Je tiens avant tout à féliciter Hervé Opiangah. Je le connais courageux et j’imagine que sa démarche n’est pas fortuite : c’est quelqu’un qui pèse ses mots. Il a cité nommément certains responsables, même si je pense que cette liste aurait pu être allongée. C’est pour ce genre de choses que je milite pour la commission «Vérité et Réconciliation». Voici des dossiers qui doivent être traités dans cette commission, au sein de laquelle pourraient être prises un certain nombre de mesures à l’endroit de fossoyeur de la République, reconnu comme tels.
Dans ce sens, ladite commission devrait avoir tous les moyens nécessaires pour enquêter sereinement sur les dossiers qui seraient déposés sur sa table.
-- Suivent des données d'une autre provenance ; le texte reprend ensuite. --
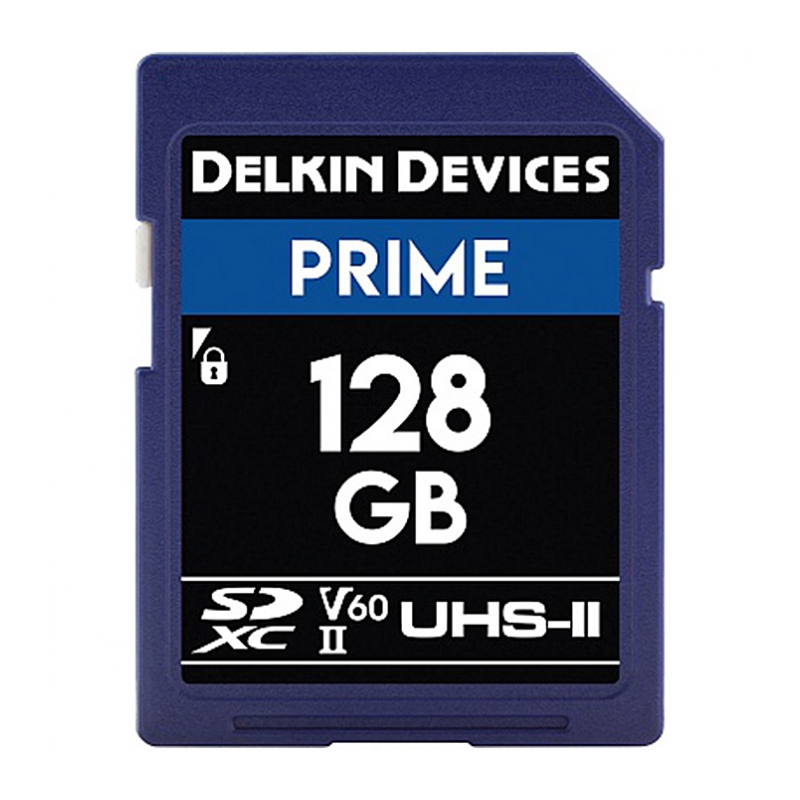 Карта памяти Delkin Devices Prime SDXC 128GB 1900X UHS-II Class 10 V60 (DDSDB1900128)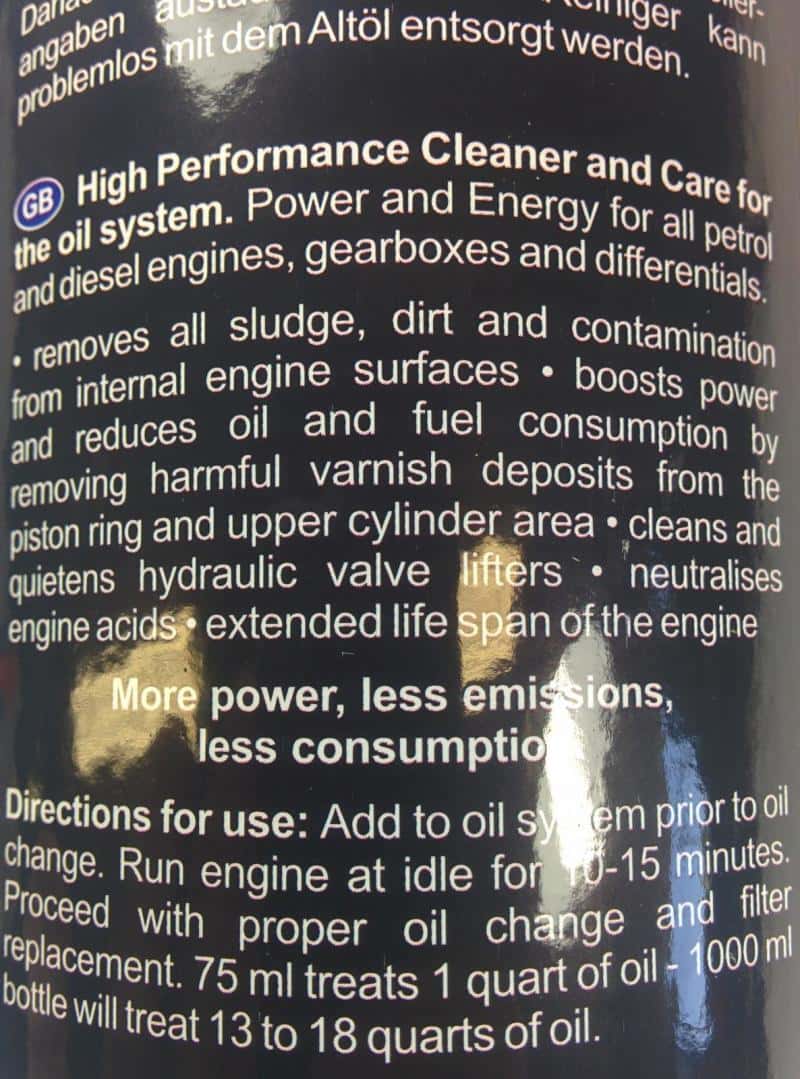 DDP — DDP High Performance Oil System Cleaner/Decarbonizer - view 2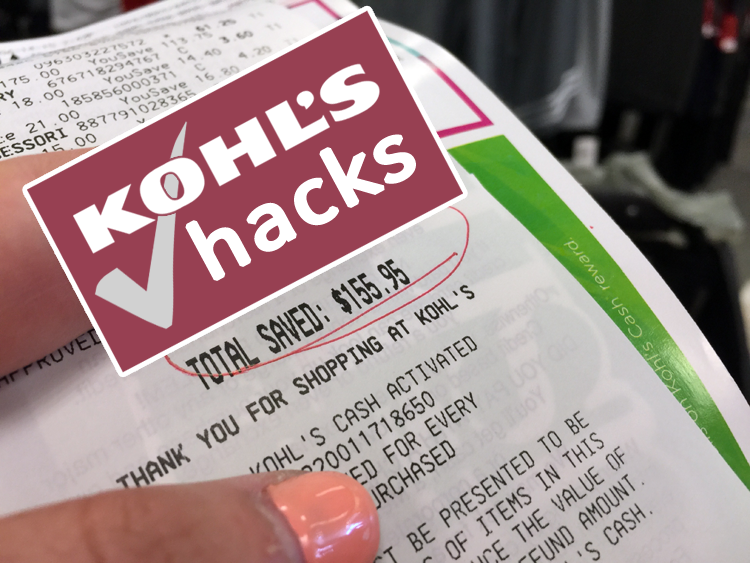 kohls hacks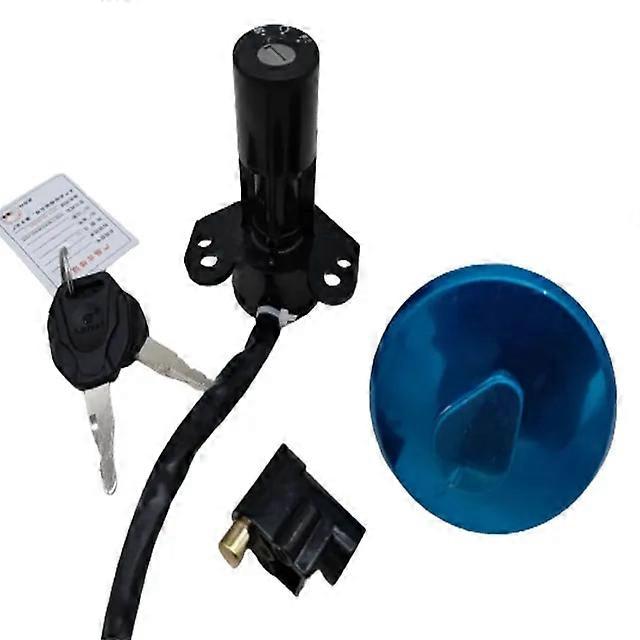 B064 دراجة نارية باب كهربائي غطاء غاز غطاء غطاء التوجيه قفل التوجيه لسوزوكي GN250 GZ250 TU250 250CC محرك الإشعال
Les Gabonais ont le droit de savoir ce qui a été fait avec l’argent du contribuable, sur les 40 dernières années au moins : c’est très important ! Et je pense sincèrement que cette commission pourrait marquer le début de la fin de l’impunité et le début d’une meilleure gouvernance dans notre pays.
Si les cas de malversations évoqués par Hervé Opiangah sont avérés, quel crédit accorder à l’exécutif en matière de gouvernance ?
La mal gouvernance n’incombe pas uniquement à l’exécutif actuel. Omar Bongo avait déjà fait le point en 2007 et six ans plus tard, en 2013, Ali Bongo est longuement revenu sur ses maux liés à la gestion et ayant la peau dure au Gabon. La gangrène est très répandue et ce, depuis plusieurs années. C’est pour cette raison que je n’indexe pas l’exécutif, mais l’ensemble du système avec lequel il faut rompre. Et aujourd’hui, pour atteindre cette horizon, la commission «Vérité et Réconciliation» apparaît comme un moyen crédible de mettre un terme à ces dérives nous empêchant d’aspirer au développement.